▶ **Data**:
----

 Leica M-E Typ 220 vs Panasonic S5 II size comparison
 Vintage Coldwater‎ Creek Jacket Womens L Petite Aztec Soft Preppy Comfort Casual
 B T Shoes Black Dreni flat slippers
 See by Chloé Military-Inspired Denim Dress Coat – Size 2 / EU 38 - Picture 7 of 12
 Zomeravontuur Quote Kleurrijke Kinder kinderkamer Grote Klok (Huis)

----

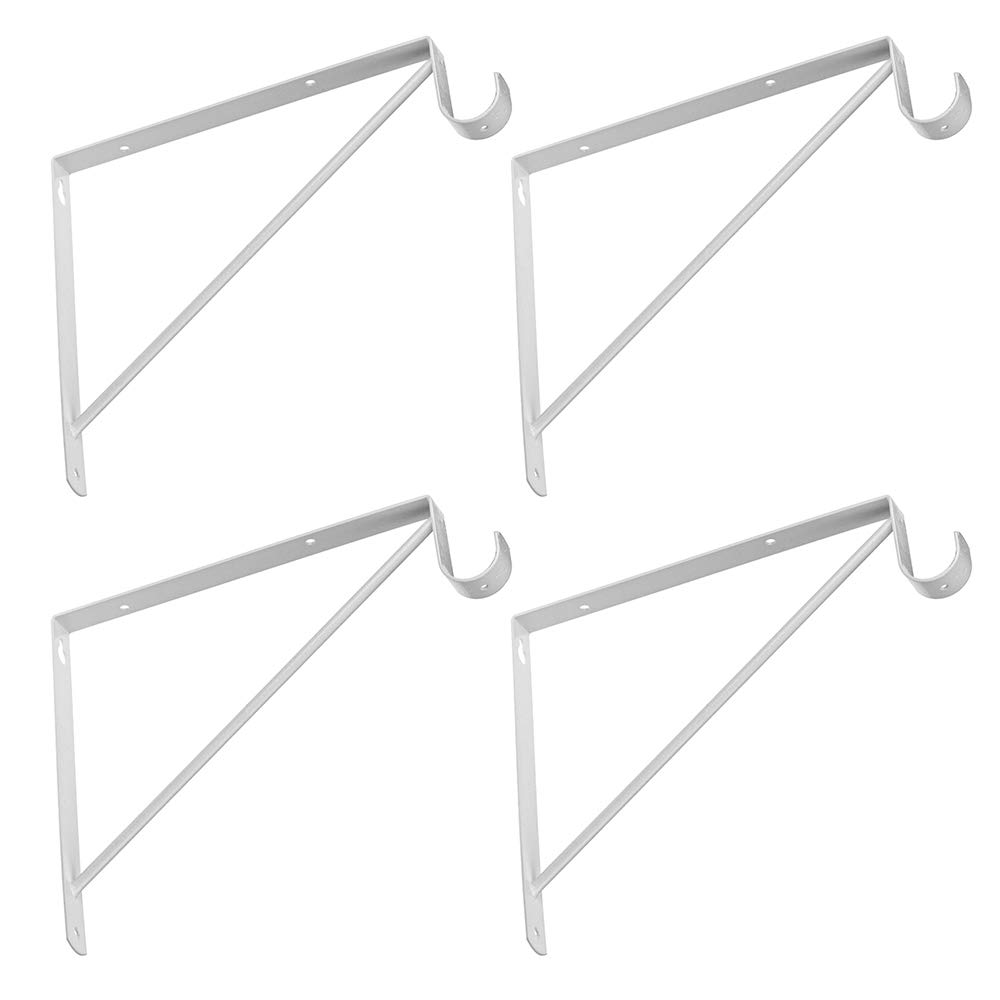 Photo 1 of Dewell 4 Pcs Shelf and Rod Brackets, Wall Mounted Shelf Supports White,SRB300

----

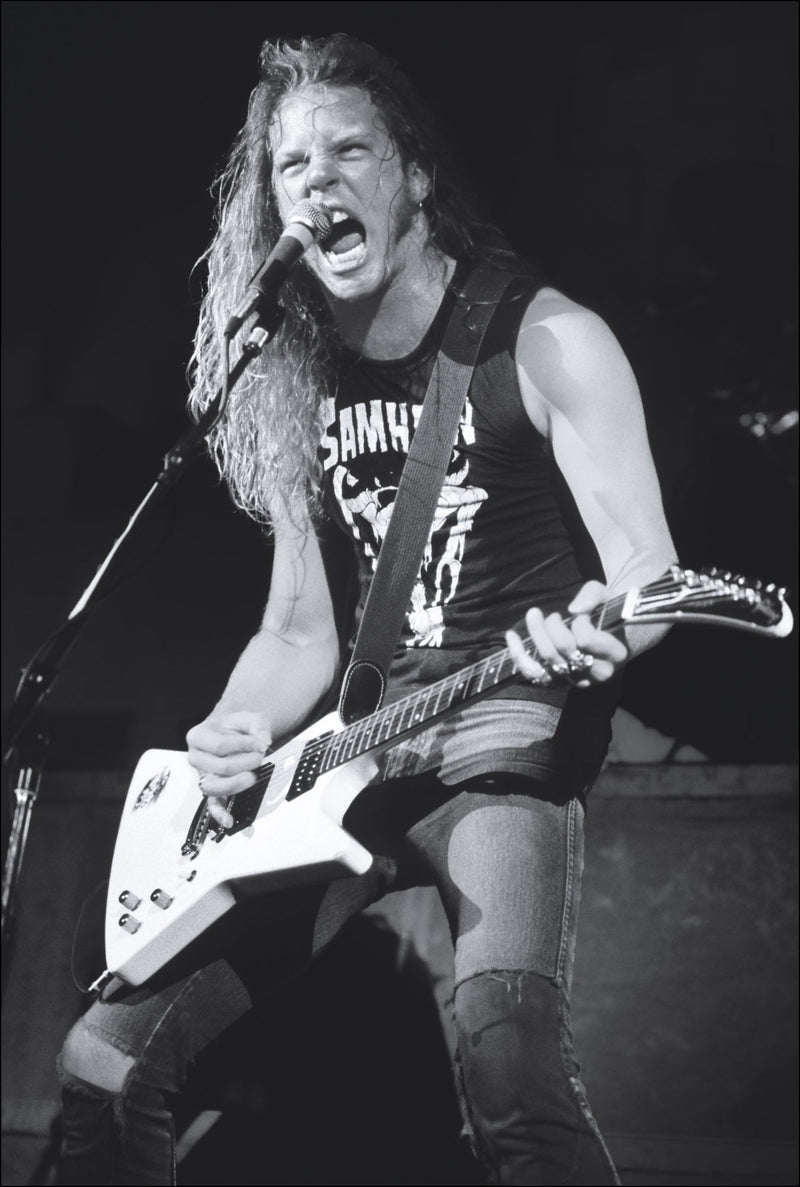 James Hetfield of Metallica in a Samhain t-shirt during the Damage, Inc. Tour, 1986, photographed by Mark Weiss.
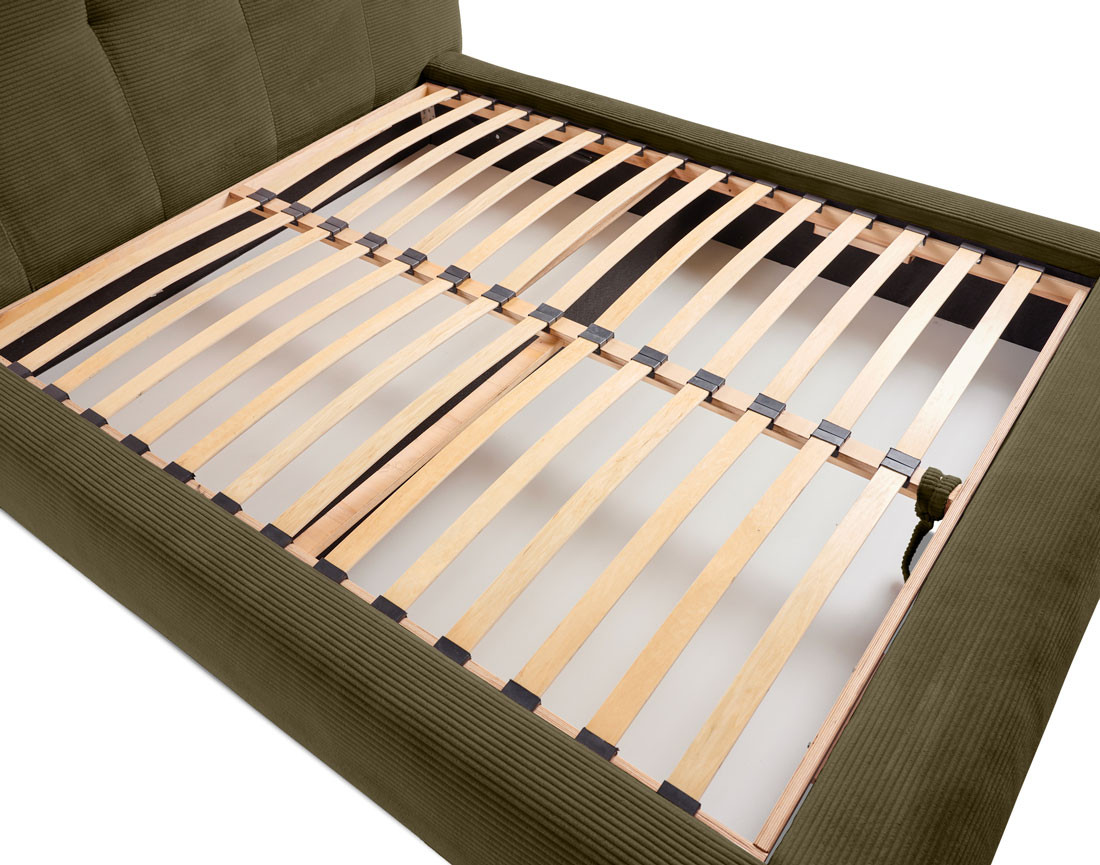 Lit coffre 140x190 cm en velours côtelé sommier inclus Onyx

----

▶ **Task**: Start with the line above that contains "Vintage Coldwater‎ Creek" and stop after the line that contains "See by Chloé". Output those lines exactly, and only those.

▶ **Worked solution**:
 Vintage Coldwater‎ Creek Jacket Womens L Petite Aztec Soft Preppy Comfort Casual
 B T Shoes Black Dreni flat slippers
 See by Chloé Military-Inspired Denim Dress Coat – Size 2 / EU 38 - Picture 7 of 12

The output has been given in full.